───── Entries shown ─────
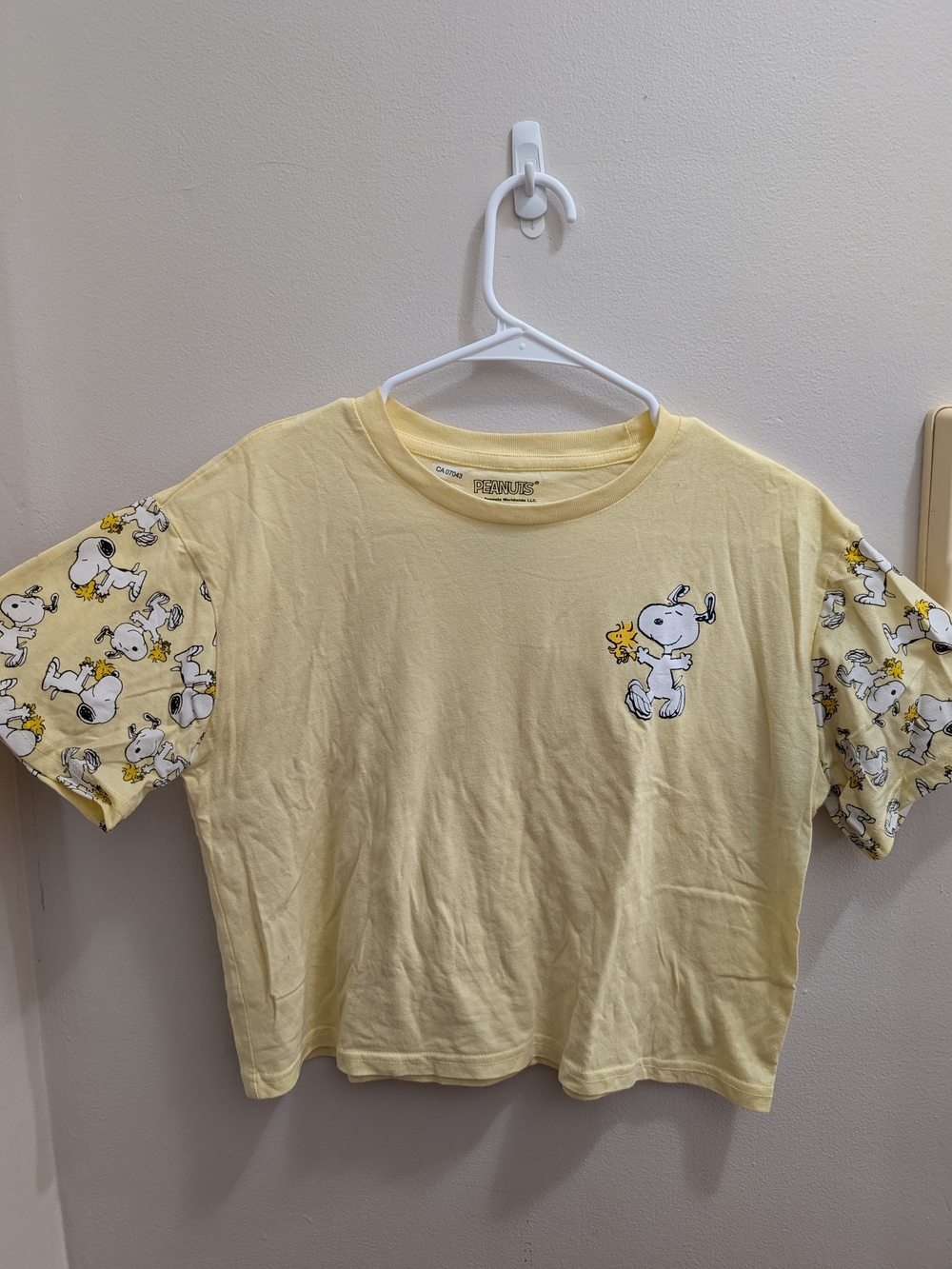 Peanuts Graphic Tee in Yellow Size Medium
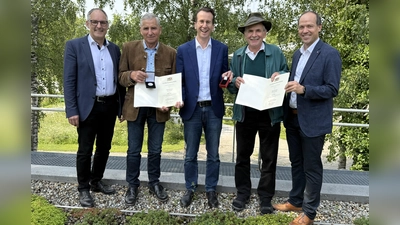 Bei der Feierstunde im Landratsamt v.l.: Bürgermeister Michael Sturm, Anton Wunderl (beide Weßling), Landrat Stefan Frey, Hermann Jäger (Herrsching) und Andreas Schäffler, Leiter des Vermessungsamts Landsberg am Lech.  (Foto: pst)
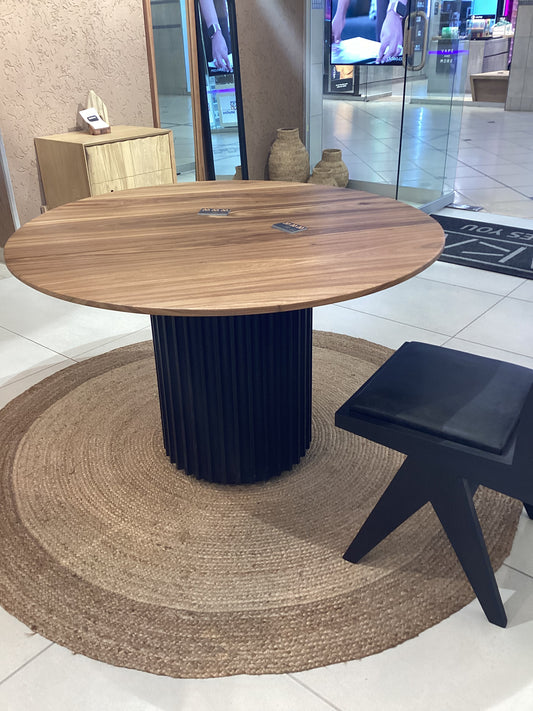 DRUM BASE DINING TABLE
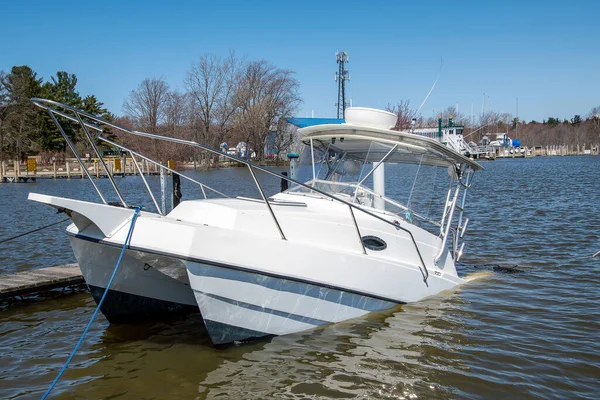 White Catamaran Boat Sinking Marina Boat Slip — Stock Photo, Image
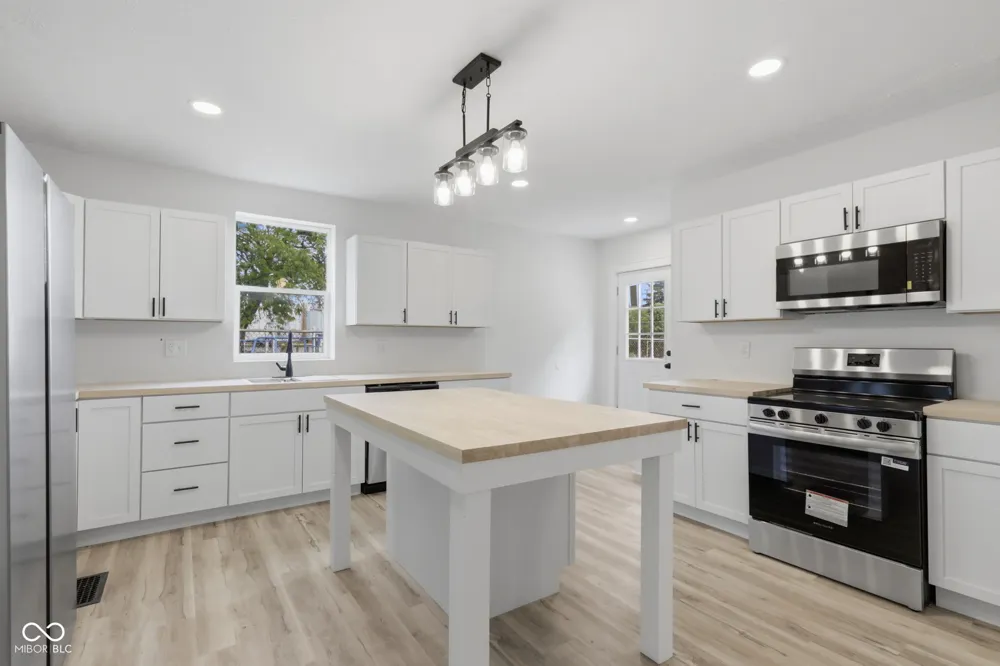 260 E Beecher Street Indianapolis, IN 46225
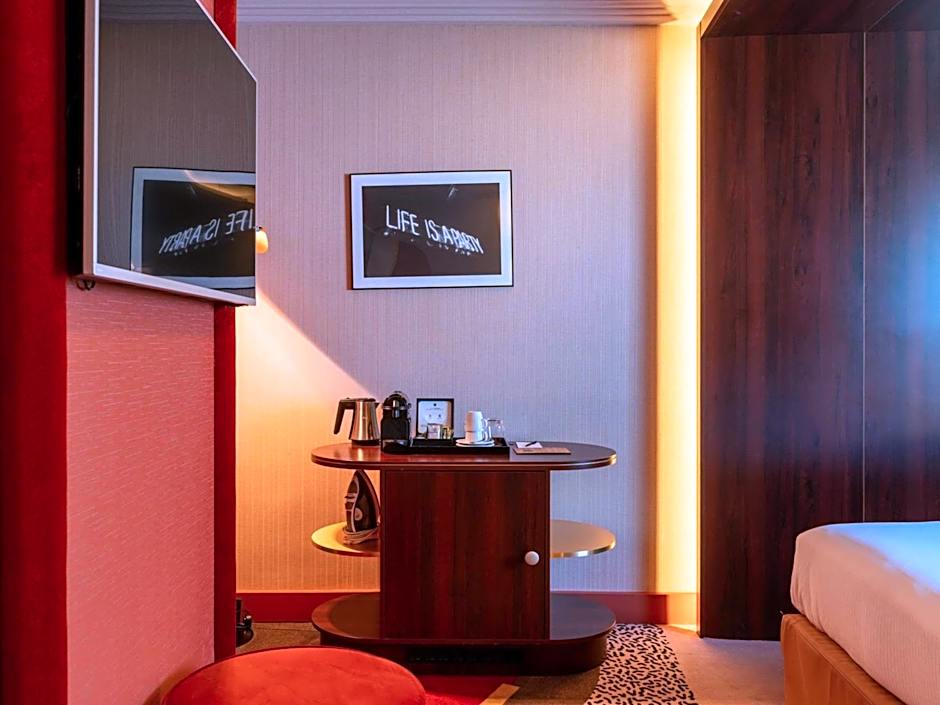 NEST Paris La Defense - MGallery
─────
───── Entries shown ─────
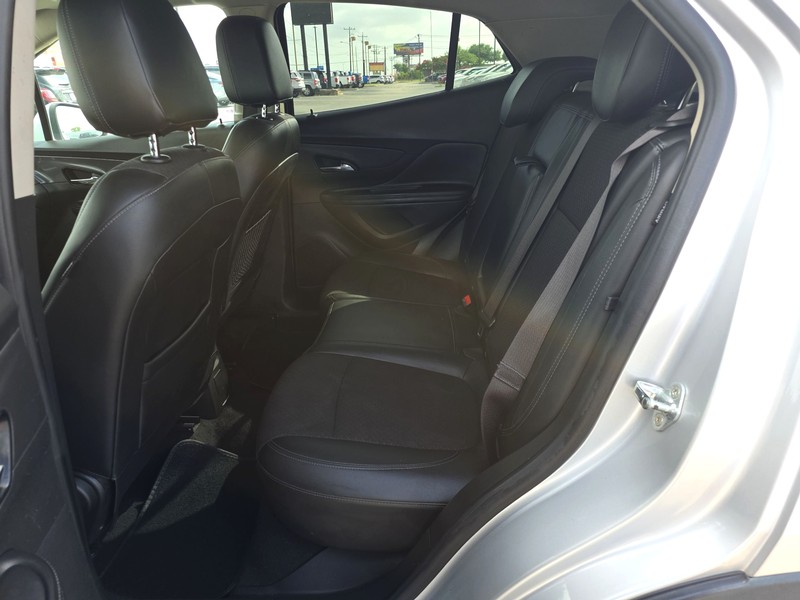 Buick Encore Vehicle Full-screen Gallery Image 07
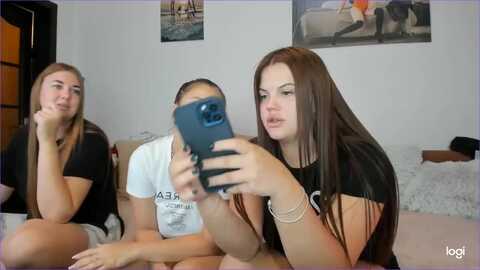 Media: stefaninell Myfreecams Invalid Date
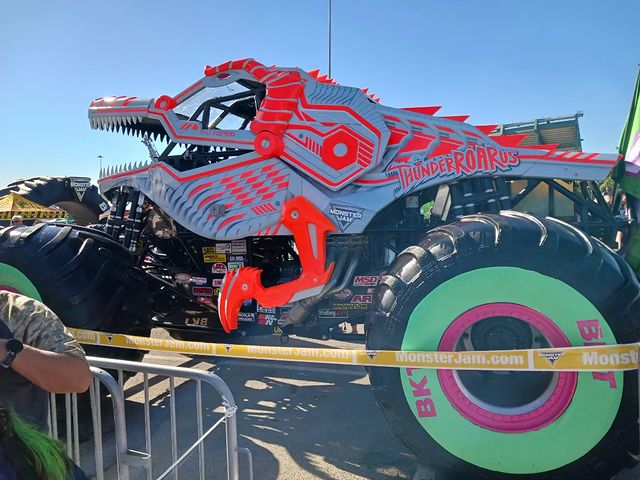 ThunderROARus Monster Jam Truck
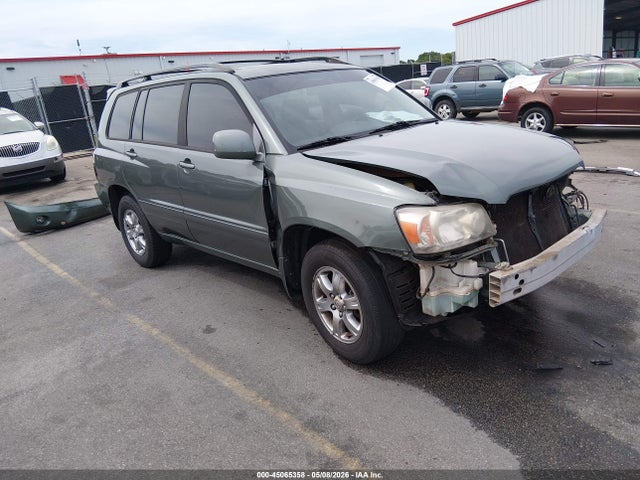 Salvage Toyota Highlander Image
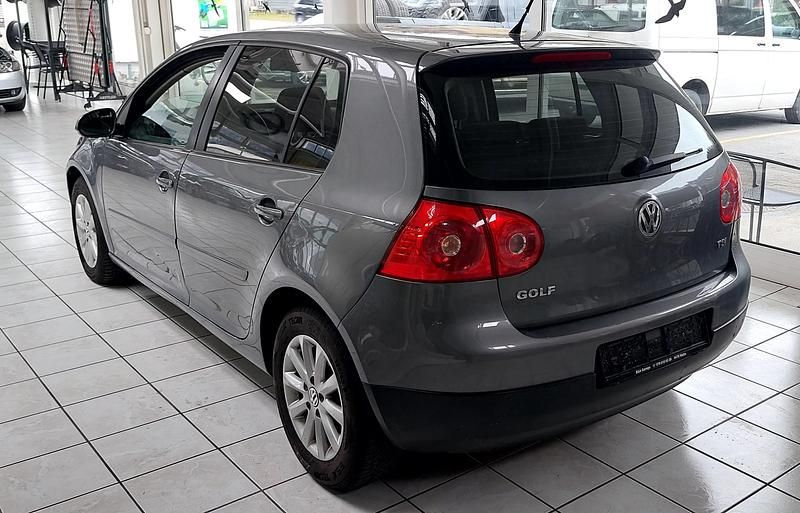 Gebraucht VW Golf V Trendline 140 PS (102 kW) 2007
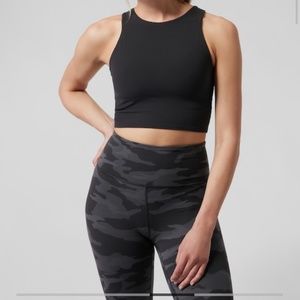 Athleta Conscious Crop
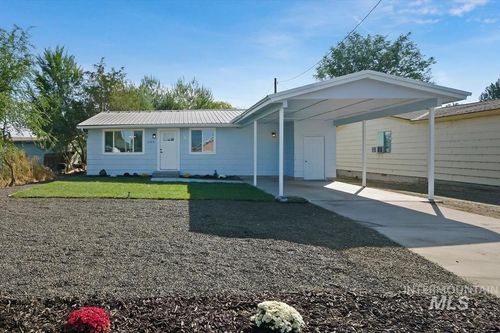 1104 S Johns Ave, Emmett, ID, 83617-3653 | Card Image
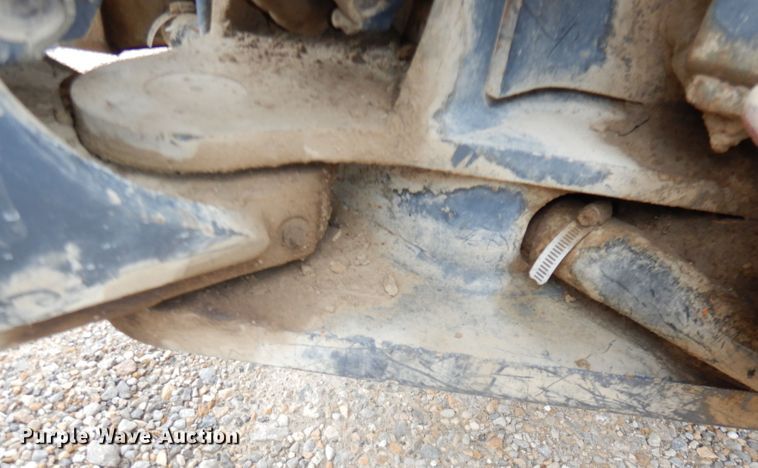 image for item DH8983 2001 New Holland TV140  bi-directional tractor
─────
───── Entries shown ─────
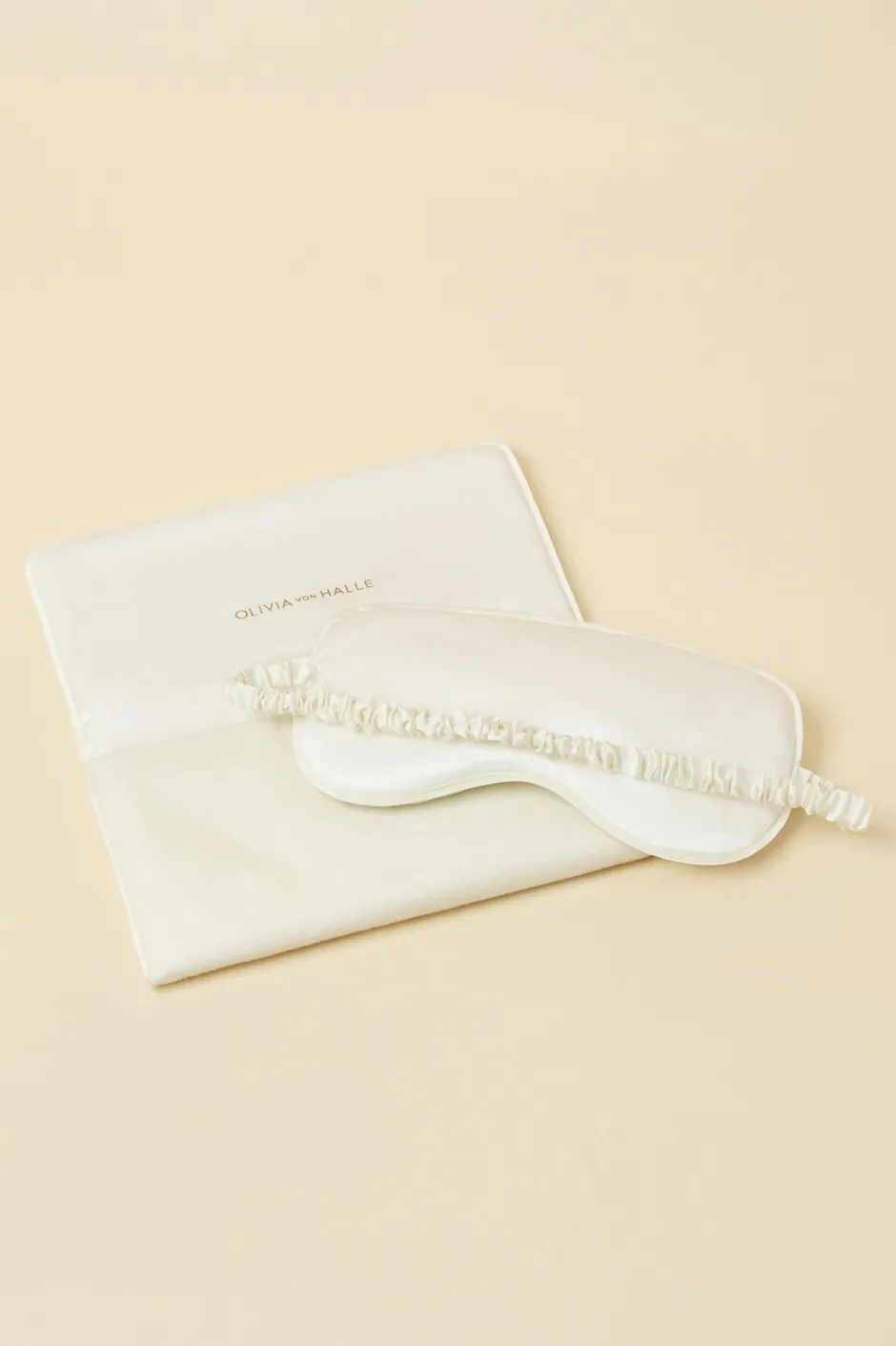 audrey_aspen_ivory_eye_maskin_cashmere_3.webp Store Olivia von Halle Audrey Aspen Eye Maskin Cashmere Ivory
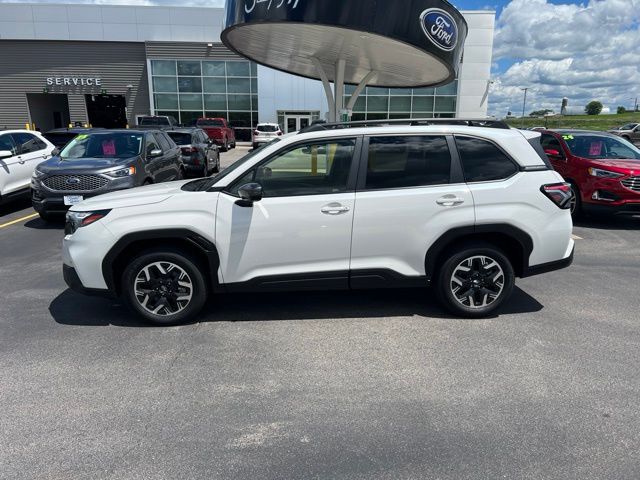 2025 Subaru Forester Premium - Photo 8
─────
Your answer must be everything above from the line with "Bei der Feierstunde" down to the line with "NEST Paris La Defense - MGallery", word for word, and no pictures.

Reply:
 Bei der Feierstunde im Landratsamt v.l.: Bürgermeister Michael Sturm, Anton Wunderl (beide Weßling), Landrat Stefan Frey, Hermann Jäger (Herrsching) und Andreas Schäffler, Leiter des Vermessungsamts Landsberg am Lech.  (Foto: pst)
 DRUM BASE DINING TABLE
 White Catamaran Boat Sinking Marina Boat Slip — Stock Photo, Image
 260 E Beecher Street Indianapolis, IN 46225
 NEST Paris La Defense - MGallery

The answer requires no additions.